Otwarte fundusze emerytalne w I półroczu otrzymały w formie składek klientów zaledwie 1,3 mld zł. W tym samym czasie w ramach mechanizmu suwaka OFE oddały ZUS 2,1 mld zł. Chociaż przedstawiciele towarzystw emerytalnych uspokajają, że na razie funduszom nie grozi gwałtowne kurczenie się, to wśród ekonomistów panuje przekonanie, że zeszłoroczne zmiany zahamowały rozwój polskiej giełdy.
Dywidendy łatają dziurę
Według prognozy Najwyższej Izby Kontroli w tym roku z tytułu suwaka OFE oddadzą do ZUS ponad 4 mld zł. Jak podkreśla Marzena Koczut, wiceprezes PKO PTE, konstrukcja mechanizmu powoduje, że łączna wartość oddawanych środków będzie systematycznie rosła w kolejnych latach.

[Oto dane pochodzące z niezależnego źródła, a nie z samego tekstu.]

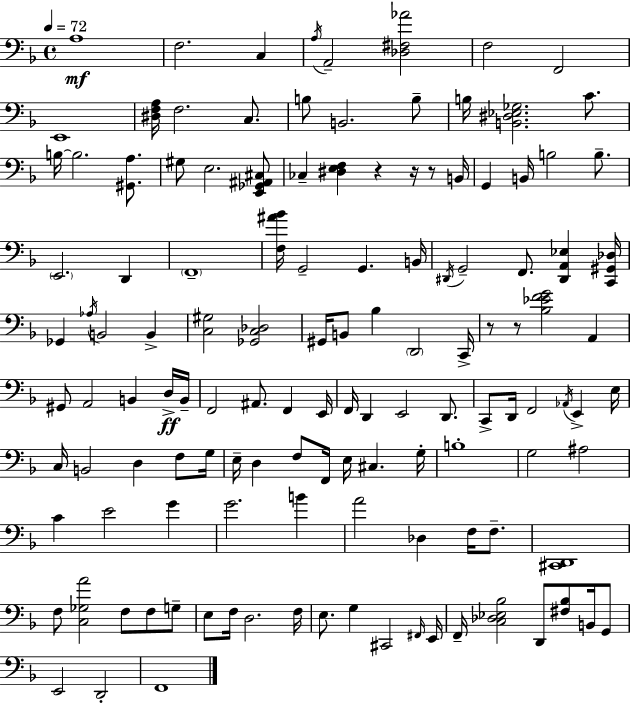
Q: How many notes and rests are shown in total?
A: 128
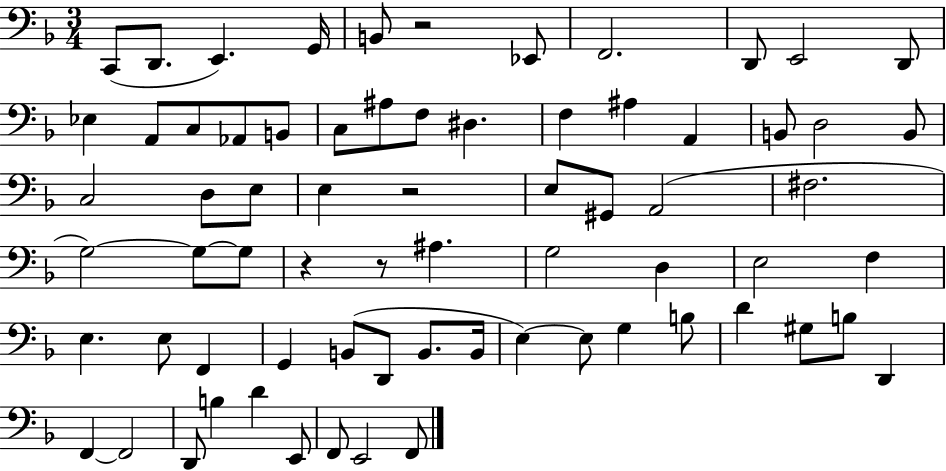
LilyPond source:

{
  \clef bass
  \numericTimeSignature
  \time 3/4
  \key f \major
  c,8( d,8. e,4.) g,16 | b,8 r2 ees,8 | f,2. | d,8 e,2 d,8 | \break ees4 a,8 c8 aes,8 b,8 | c8 ais8 f8 dis4. | f4 ais4 a,4 | b,8 d2 b,8 | \break c2 d8 e8 | e4 r2 | e8 gis,8 a,2( | fis2. | \break g2~~) g8~~ g8 | r4 r8 ais4. | g2 d4 | e2 f4 | \break e4. e8 f,4 | g,4 b,8( d,8 b,8. b,16 | e4~~) e8 g4 b8 | d'4 gis8 b8 d,4 | \break f,4~~ f,2 | d,8 b4 d'4 e,8 | f,8 e,2 f,8 | \bar "|."
}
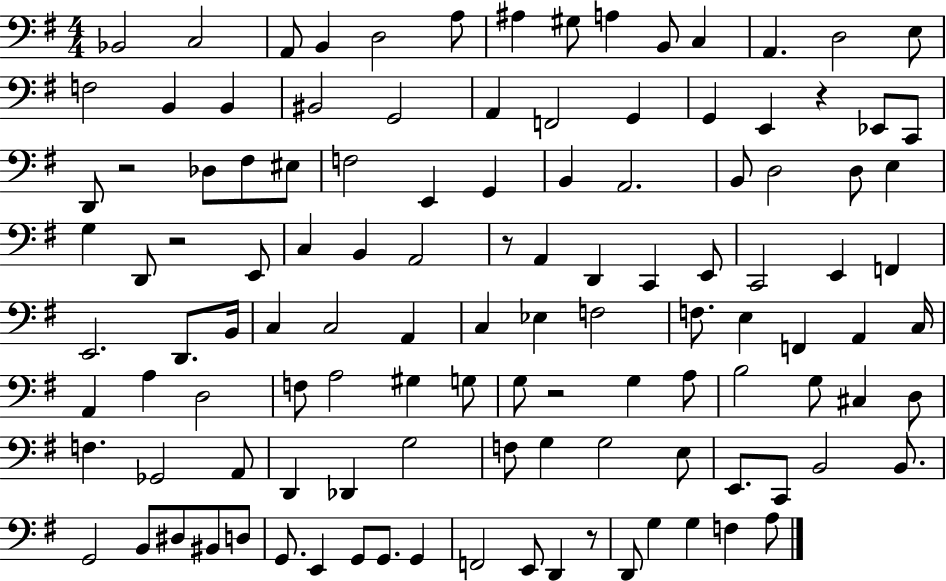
X:1
T:Untitled
M:4/4
L:1/4
K:G
_B,,2 C,2 A,,/2 B,, D,2 A,/2 ^A, ^G,/2 A, B,,/2 C, A,, D,2 E,/2 F,2 B,, B,, ^B,,2 G,,2 A,, F,,2 G,, G,, E,, z _E,,/2 C,,/2 D,,/2 z2 _D,/2 ^F,/2 ^E,/2 F,2 E,, G,, B,, A,,2 B,,/2 D,2 D,/2 E, G, D,,/2 z2 E,,/2 C, B,, A,,2 z/2 A,, D,, C,, E,,/2 C,,2 E,, F,, E,,2 D,,/2 B,,/4 C, C,2 A,, C, _E, F,2 F,/2 E, F,, A,, C,/4 A,, A, D,2 F,/2 A,2 ^G, G,/2 G,/2 z2 G, A,/2 B,2 G,/2 ^C, D,/2 F, _G,,2 A,,/2 D,, _D,, G,2 F,/2 G, G,2 E,/2 E,,/2 C,,/2 B,,2 B,,/2 G,,2 B,,/2 ^D,/2 ^B,,/2 D,/2 G,,/2 E,, G,,/2 G,,/2 G,, F,,2 E,,/2 D,, z/2 D,,/2 G, G, F, A,/2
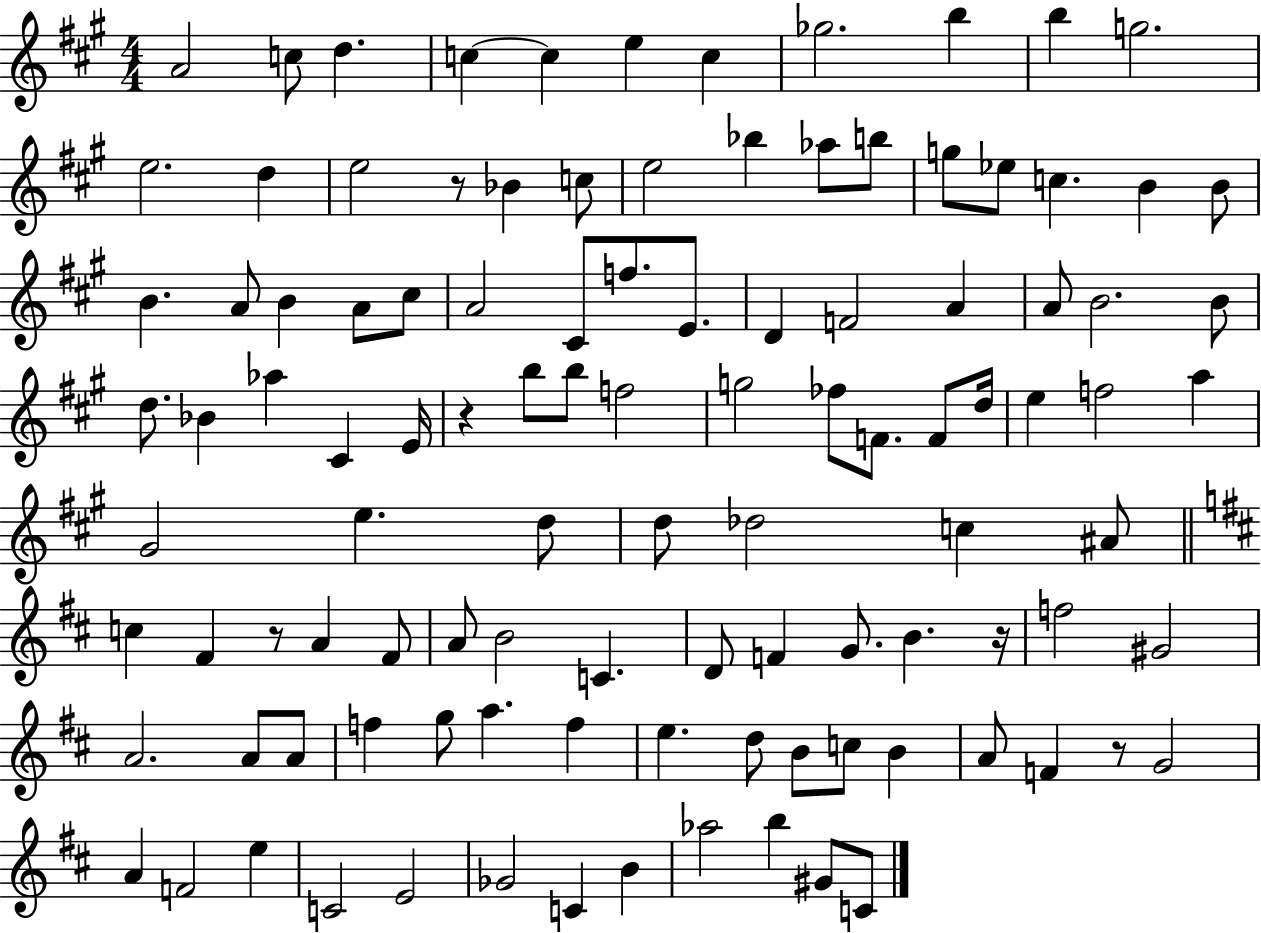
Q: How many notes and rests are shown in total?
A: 108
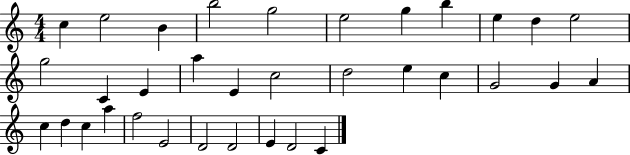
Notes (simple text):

C5/q E5/h B4/q B5/h G5/h E5/h G5/q B5/q E5/q D5/q E5/h G5/h C4/q E4/q A5/q E4/q C5/h D5/h E5/q C5/q G4/h G4/q A4/q C5/q D5/q C5/q A5/q F5/h E4/h D4/h D4/h E4/q D4/h C4/q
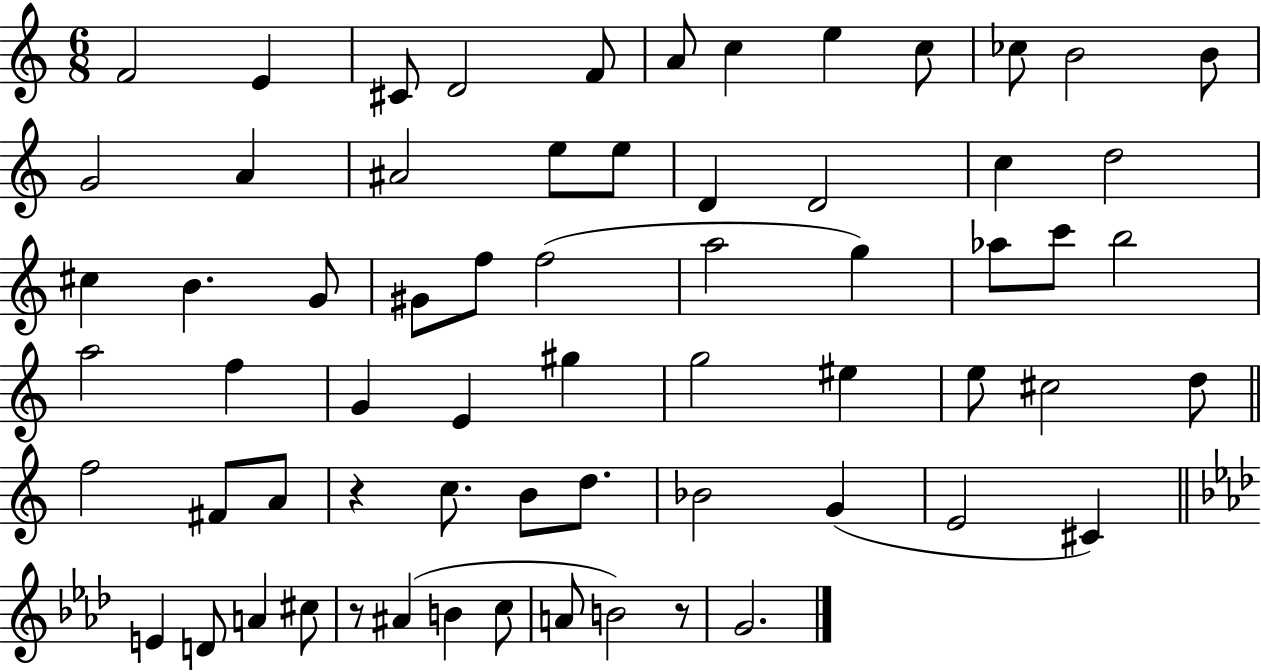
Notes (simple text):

F4/h E4/q C#4/e D4/h F4/e A4/e C5/q E5/q C5/e CES5/e B4/h B4/e G4/h A4/q A#4/h E5/e E5/e D4/q D4/h C5/q D5/h C#5/q B4/q. G4/e G#4/e F5/e F5/h A5/h G5/q Ab5/e C6/e B5/h A5/h F5/q G4/q E4/q G#5/q G5/h EIS5/q E5/e C#5/h D5/e F5/h F#4/e A4/e R/q C5/e. B4/e D5/e. Bb4/h G4/q E4/h C#4/q E4/q D4/e A4/q C#5/e R/e A#4/q B4/q C5/e A4/e B4/h R/e G4/h.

- Wynika to z faktu, że OFE będą stopniowo umarzały środki osób objętych suwakiem, proporcjonalnie do wieku, który pozostał im do emerytury – mówi „Parkietowi" Koczut. – Ponadto należy zauważyć, że składki każdego członka, które objęto suwakiem, przestają być odprowadzane do OFE, tym samym zmniejsza to portfel rachunków składkujących regularnie. Według naszych szacunków ujemne saldo przepływów OFE w tym roku wyniesie około -1,5 mld zł.
– To wyliczenia zgodne z naszymi projekcjami – mówi Paweł Pytel, prezes Aviva PTE. Jednak jego zdaniem nie można mówić o kurczeniu się OFE.
– W pierwszym półroczu aktywa funduszy wzrosły o ponad 3,8 mld zł. Ważniejsze od nowych składek są wpływy ze zgromadzonych aktywów, czyli dywidendy z akcji, a także odsetki od obligacji korporacyjnych i lokat bankowych. Szacujemy, że w tym roku przekroczą one 5 mld zł i podobnie będzie w kolejnych latach – uważa Pytel. – Całkowity bilans napływów nowych środków do OFE będzie więc w tym roku dodatni i osiągnie ok. 3,5 mld zł – dodaje.